I was making supper and, while I cooked, I was letting him watch Snow White and the Seven Dwarfs. It’s a bit too old for him, but he seemed to like it. I had watched a bit of it with him and had explained that the mean queen wanted to hurt Snow White but that it would be OK in the end. Snow White would be happy. She would, of course, live happily ever after.
Owen was really taken in by the scene where Snow White, seeing the Dwarfs’ messy house, concludes that they don’t have a mother. Owen caught on right away: “Maybe her can be their mother? I love Snow White. She can be my friend?”
Something in the film scared him, though. I think it was the transformation from the evil stepmother into the old crone. He kept saying that there was a mean lady queen and a mean man queen and they made him scared. He said this over and over again.
I reassured him as best I could. I said that the mean queen would hurt Snow White but that Snow White would get better and it would be OK. I told him that the mean queen (man or woman) couldn’t hurt him. That they had to stay inside the video. I told him if he got scared we could just close the computer. I told him I wouldn’t let them hurt him. I told him I wouldn’t let anyone hurt him.

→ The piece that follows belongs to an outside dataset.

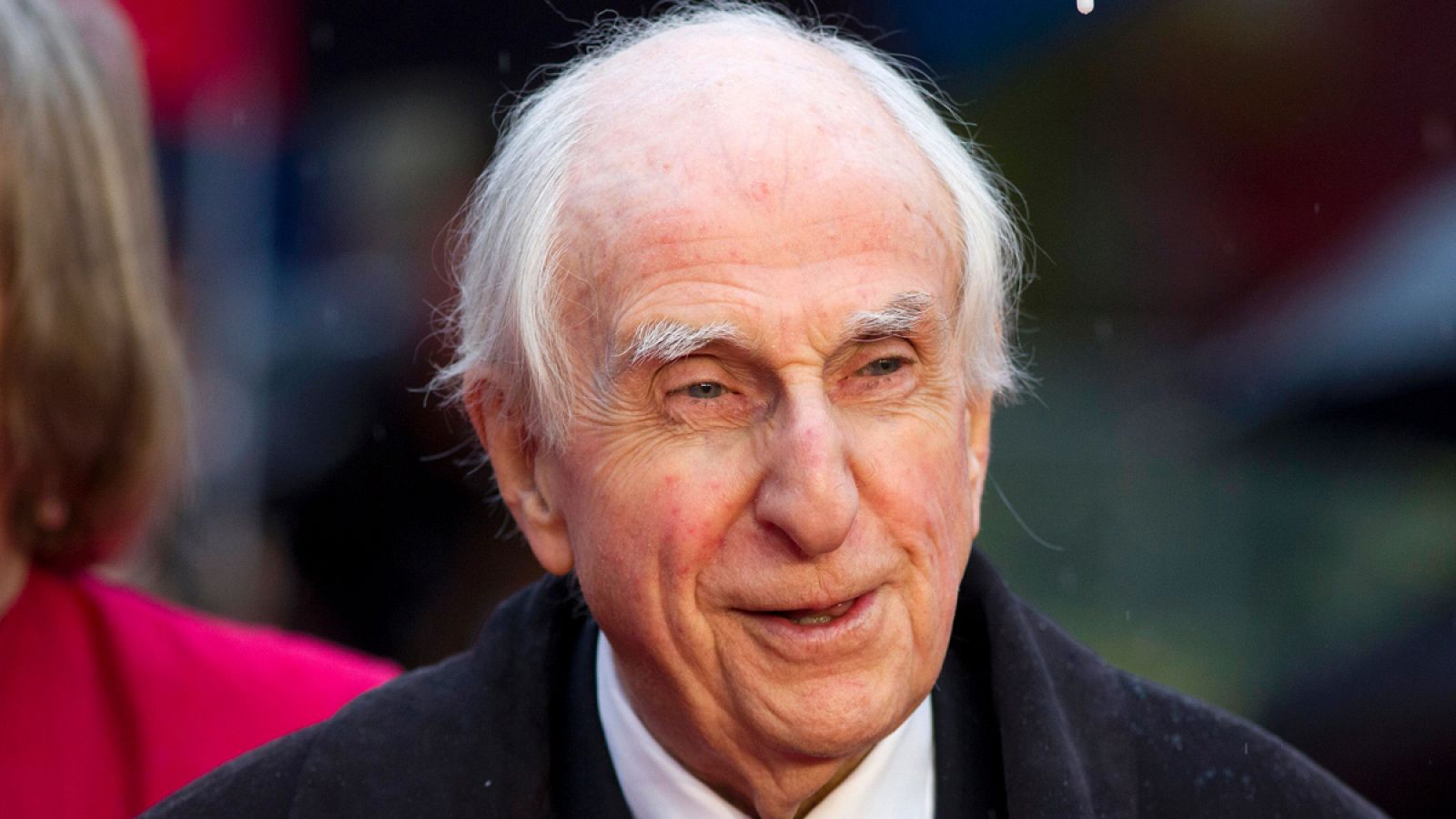 Imagen de archivo del escritor Michael Bond.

That last one, of course, a little white lie.
And as I held him to me, reassuring him, kissing his little cheek, I was aware that I was lying, aware that it was the right lie. I will not willingly let anyone hurt my little boy, but I won’t be able to prevent him from being hurt. We all get hurt, repeatedly, relentlessly, even in the most mundane of lives. Even in lives full of love and good intentions. Still, he seemed soothed by my promise. “You won’t let anyone hurt me?”
“No, of course not, Owen. Of course I won’t.”